Take the lines from the one with "2020 Spaccaforno Eloro" to the end of the listing, both ends included, and quote them exactly, leaving pictures out.

DATA PROVIDED >>
################

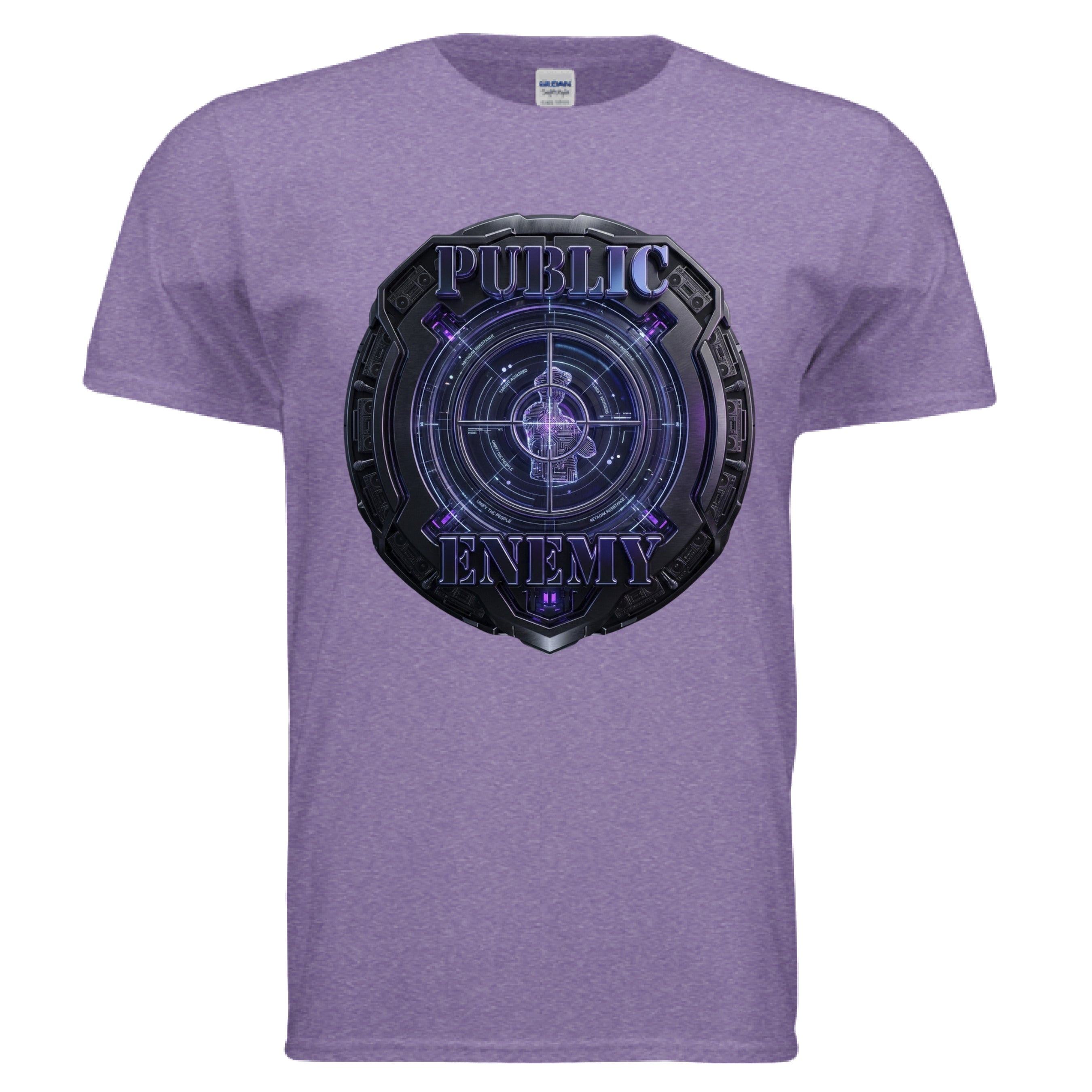 HEATHER PURPLE - FRONT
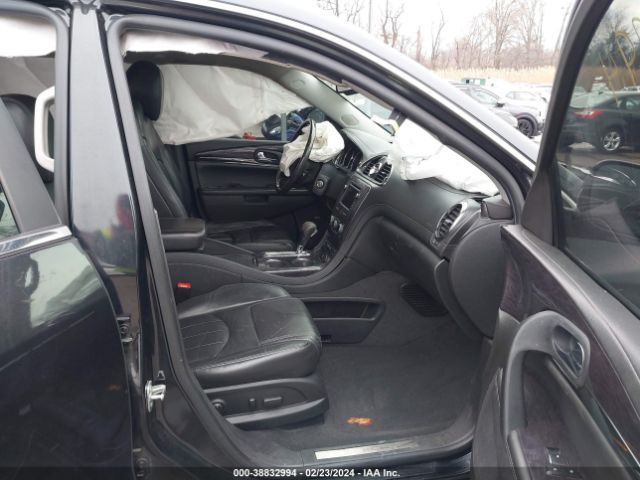 5GAKVBKD3FJ240654 Buick Enclave Leather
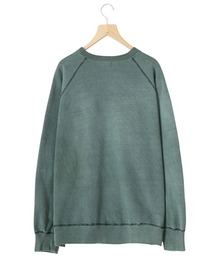 URU | URU / ウル : CREW NECK SWEAT : 24FUC07[COR](スウェット)
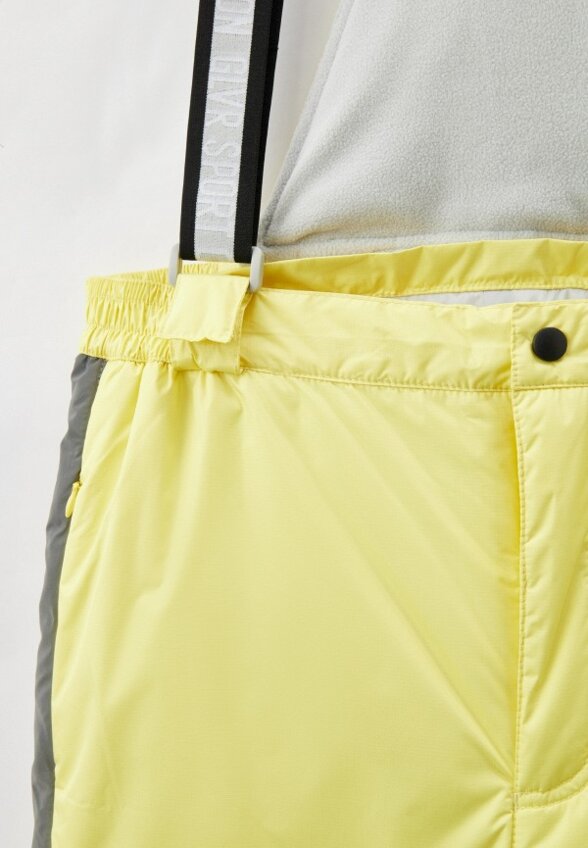 Брюки утепленные Gulliver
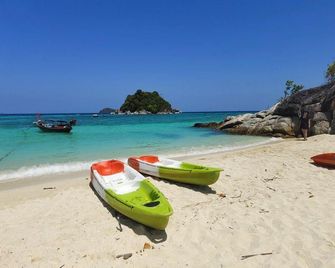 Lipe Sunrise Beach House - Ko Lipe - Strand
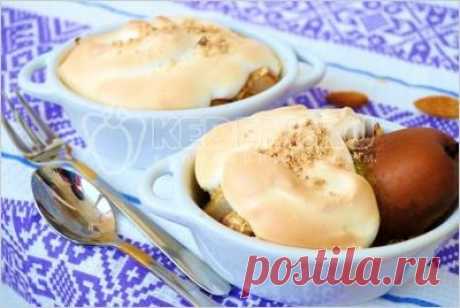 Грушевый десерт - Десерты. Рецепты посетителей с фотографиями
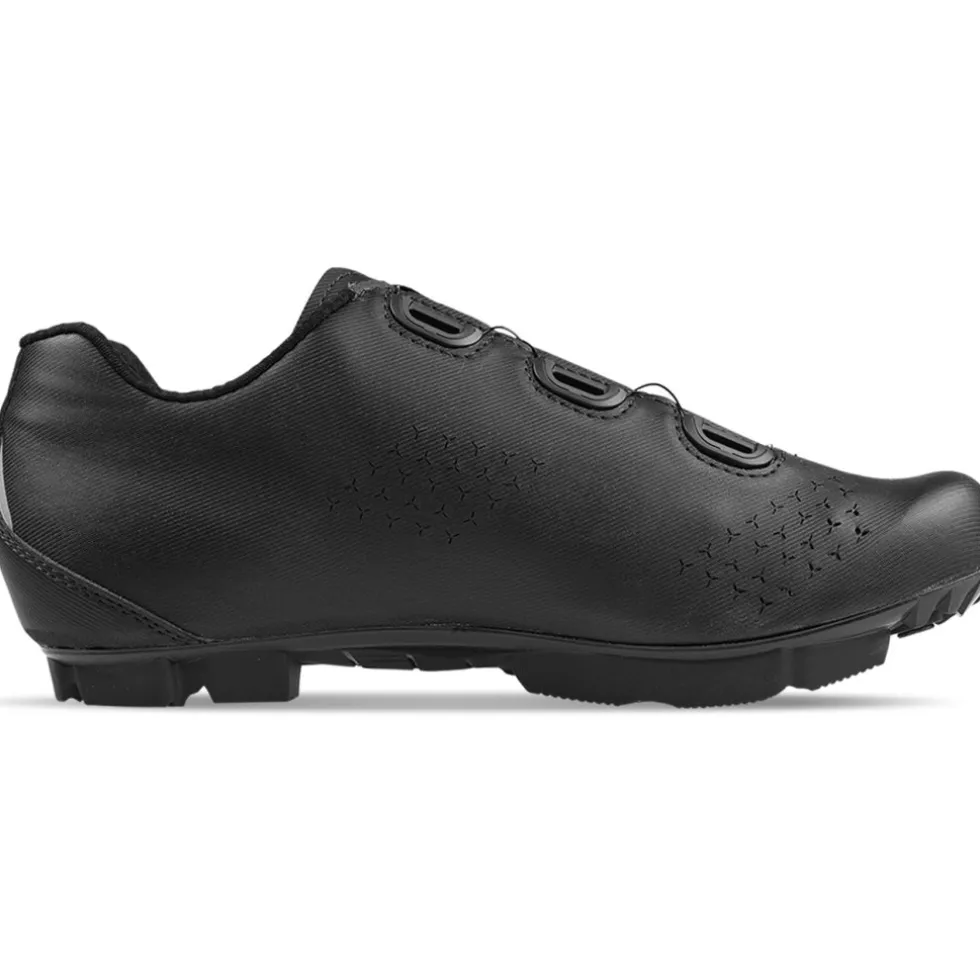 Gaerne G.Trail+ MTB-Schoenen - Breed - Zwart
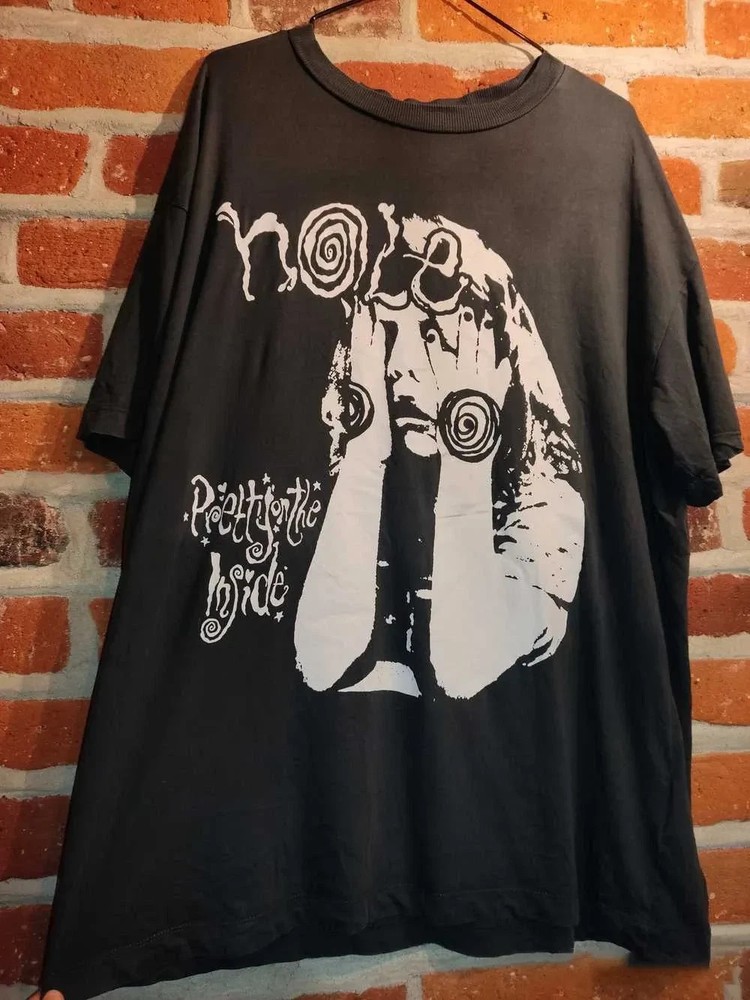 Vintage Hole Band Courtney Love Tee Unisex T-shirt All Size S to 5XL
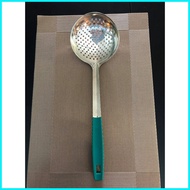 (SANDOK)(AQUA GREEN ) Stainless Steel 3 SETS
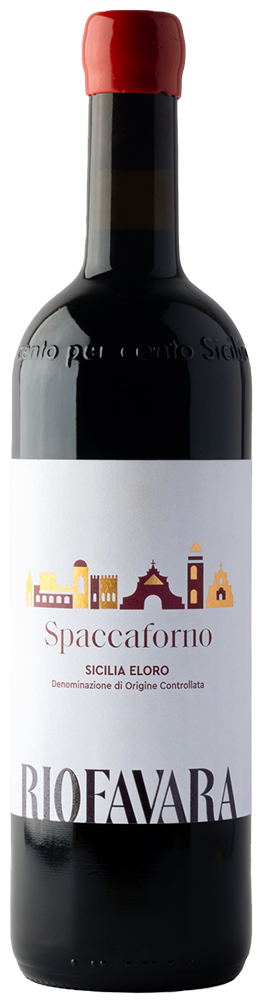 2020 Spaccaforno Eloro DOC trocken Bio - Riofavara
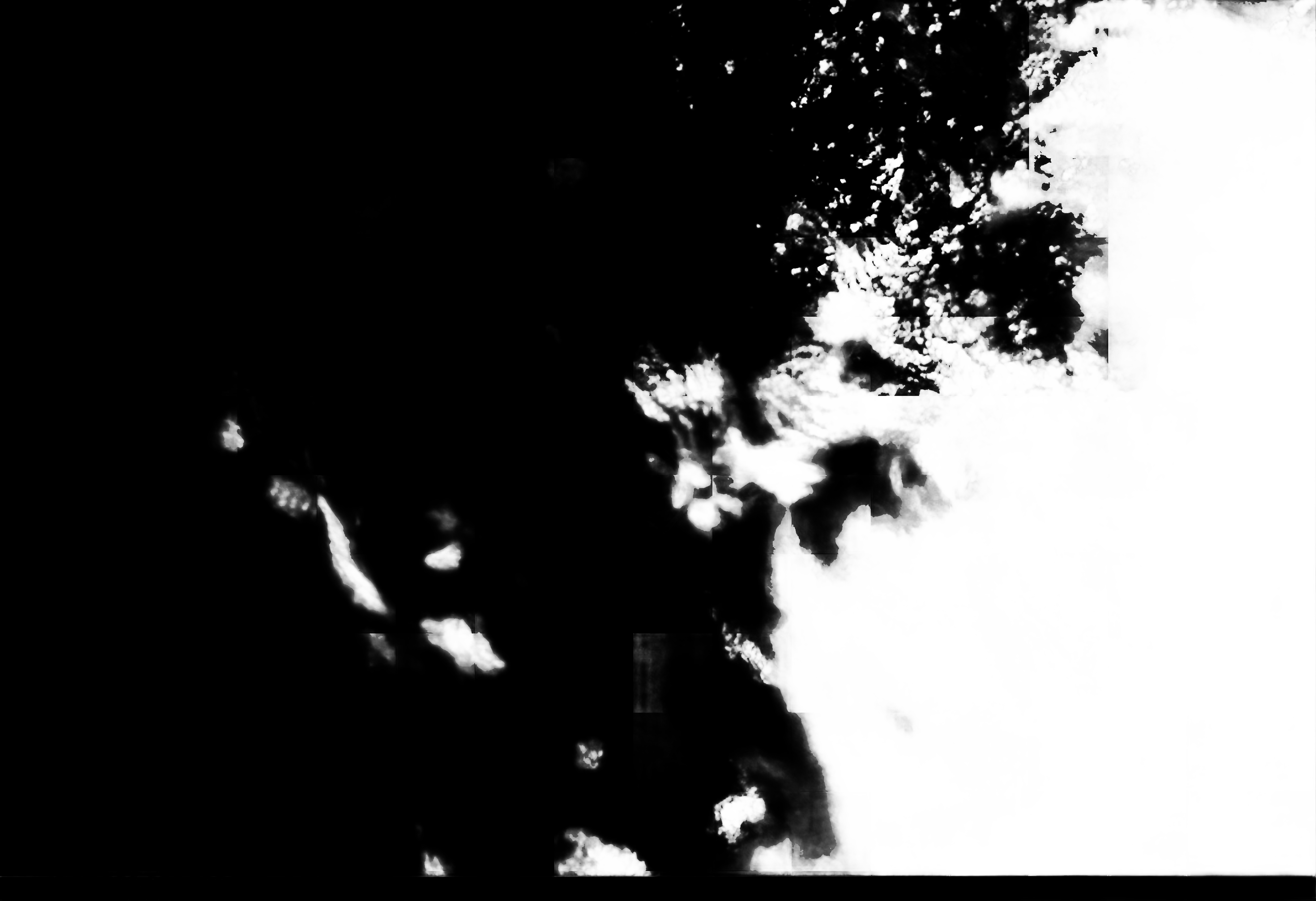 cloud mask image display 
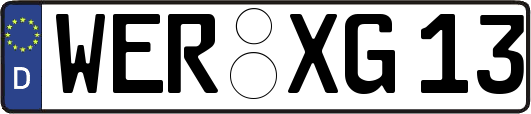 WER-XG13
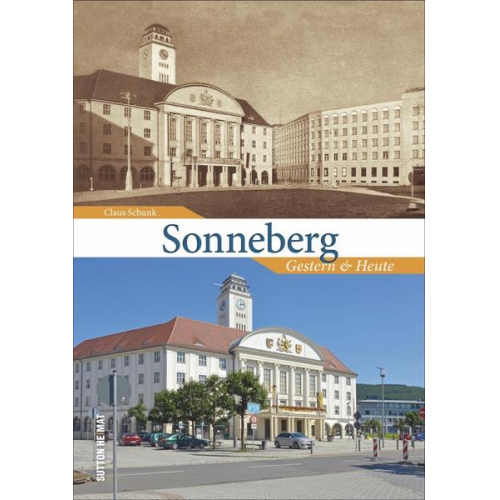 Claus Schunk - Sonneberg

################

COMPLETED TASK >>
 2020 Spaccaforno Eloro DOC trocken Bio - Riofavara
 cloud mask image display 
 WER-XG13
 Claus Schunk - Sonneberg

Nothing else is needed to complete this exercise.